Преображение (Одесса). Священномученик Прокопий (Титов), архиепископ Херсонский

19 ноября 2018 г.

Аудио
Скачать .mp3
Беседа с протоиереем Димитрием Предеиным.

– Есть святые, которых мы мало знаем, но которые являются буквально духовными глыбами. Двадцать третьего ноября Святая Православная Церковь чтит память священномученика Прокопия Одесского. О его жизни и трудах пойдет речь в сегодняшней программе. Отец Димитрий, прежде хотелось бы спросить о детских годах и формировании личности будущего священномученика.

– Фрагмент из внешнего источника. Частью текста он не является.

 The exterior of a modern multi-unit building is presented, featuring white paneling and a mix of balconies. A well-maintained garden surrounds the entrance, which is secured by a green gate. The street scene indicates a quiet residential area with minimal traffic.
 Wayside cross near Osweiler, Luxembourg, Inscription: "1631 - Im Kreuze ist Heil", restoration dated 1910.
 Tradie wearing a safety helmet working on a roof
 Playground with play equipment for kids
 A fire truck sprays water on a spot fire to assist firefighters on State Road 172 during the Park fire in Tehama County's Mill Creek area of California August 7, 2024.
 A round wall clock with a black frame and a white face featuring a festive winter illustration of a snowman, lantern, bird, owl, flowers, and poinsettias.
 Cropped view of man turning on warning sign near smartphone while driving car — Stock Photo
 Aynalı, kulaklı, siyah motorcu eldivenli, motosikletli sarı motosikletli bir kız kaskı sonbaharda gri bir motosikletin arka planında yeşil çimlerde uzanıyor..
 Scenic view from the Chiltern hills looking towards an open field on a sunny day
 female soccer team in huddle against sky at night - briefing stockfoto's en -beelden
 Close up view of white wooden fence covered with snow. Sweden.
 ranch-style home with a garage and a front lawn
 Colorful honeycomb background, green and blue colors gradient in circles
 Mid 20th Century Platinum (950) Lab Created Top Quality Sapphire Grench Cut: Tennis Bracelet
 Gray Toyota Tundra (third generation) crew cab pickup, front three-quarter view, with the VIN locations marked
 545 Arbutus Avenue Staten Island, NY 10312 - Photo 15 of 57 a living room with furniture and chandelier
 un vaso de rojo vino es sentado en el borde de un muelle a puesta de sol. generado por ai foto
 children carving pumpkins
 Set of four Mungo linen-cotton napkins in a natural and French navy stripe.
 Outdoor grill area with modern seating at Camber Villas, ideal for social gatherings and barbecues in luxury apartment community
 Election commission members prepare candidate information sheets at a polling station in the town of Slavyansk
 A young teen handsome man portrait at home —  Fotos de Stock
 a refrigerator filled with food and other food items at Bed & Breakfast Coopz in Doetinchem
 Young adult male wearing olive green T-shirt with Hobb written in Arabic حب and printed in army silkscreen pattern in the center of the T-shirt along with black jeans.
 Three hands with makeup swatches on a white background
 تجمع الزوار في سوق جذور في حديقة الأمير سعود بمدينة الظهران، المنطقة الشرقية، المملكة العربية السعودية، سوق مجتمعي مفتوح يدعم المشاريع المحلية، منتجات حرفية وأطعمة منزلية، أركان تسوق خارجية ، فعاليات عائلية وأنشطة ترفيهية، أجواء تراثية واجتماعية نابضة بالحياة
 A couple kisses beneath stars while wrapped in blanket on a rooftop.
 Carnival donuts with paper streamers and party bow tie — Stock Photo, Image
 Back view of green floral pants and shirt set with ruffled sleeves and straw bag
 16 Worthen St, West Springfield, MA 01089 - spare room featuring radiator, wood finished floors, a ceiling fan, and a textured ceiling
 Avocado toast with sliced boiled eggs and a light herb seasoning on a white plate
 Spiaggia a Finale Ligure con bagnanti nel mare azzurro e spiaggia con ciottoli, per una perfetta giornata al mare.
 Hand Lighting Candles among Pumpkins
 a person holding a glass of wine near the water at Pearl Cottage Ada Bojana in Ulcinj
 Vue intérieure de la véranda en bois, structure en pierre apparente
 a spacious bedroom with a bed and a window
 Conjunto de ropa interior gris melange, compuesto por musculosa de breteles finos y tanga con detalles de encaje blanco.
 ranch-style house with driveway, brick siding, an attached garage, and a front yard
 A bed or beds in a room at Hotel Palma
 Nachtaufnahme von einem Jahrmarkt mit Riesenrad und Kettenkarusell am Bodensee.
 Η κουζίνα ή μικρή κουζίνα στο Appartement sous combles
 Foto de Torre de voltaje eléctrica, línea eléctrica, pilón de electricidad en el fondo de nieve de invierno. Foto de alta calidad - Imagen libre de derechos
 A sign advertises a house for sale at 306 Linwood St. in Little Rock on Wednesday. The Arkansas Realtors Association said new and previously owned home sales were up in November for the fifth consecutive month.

– Будущий священномученик Прокопий (Титов) родился в городе Кузнецке-Сибирском, который сейчас называется Новокузнецк, в 1877 году в день Рождества Христова. Он родился в сам праздник Рождества – и, наверно, благодать этого праздника как-то отпечатлелась на его душе, потому что это был поистине облагодатствованный человек. С детства в нем как-то особенно было видно светлое начало. Он прошел тот путь, который был типичен для детей духовенства его времени: уже в девять лет поступил в духовное училище в Томске, потом окончил Томскую духовную семинарию. Учился очень хорошо, стал вторым из лучших учеников по первому разряду и поступил в Казанскую духовную академию. Там он тоже проявил очень даже хорошие способности, защитил кандидатскую диссертацию и получил право преподавания в духовных семинариях. Так что его путь на этом этапе никакими особыми событиями не отмечен. Но, с другой стороны, к сожалению, у нас не так много сведений о его детстве и юности. Возможно, там были какие-то экстраординарные, даже чудесные события. Может быть, со временем когда-нибудь прольется свет на этот период его жизни – но пока, к сожалению, мы знаем об этом очень немного.

– Долгое время будущий священномученик трудился во многих духовных учебных заведениях. Каким он был учителем?

– Мне думается, что это был учитель, преподаватель по призванию. У него был талант общения с молодыми людьми, дар ясного, четкого изложения – и его очень любили ученики в самых разных учебных заведениях. Одной из особенностей жизни священномученика Прокопия была чрезвычайно широкая география его жизни и служения. Он, в частности, преподавал в Иркутске. И несколько лет, проведенных там, оставили его в памяти и преподавателей, и начальства, и учеников: когда он оттуда уезжал, многие сожалели, что теряют такого необыкновенного преподавателя.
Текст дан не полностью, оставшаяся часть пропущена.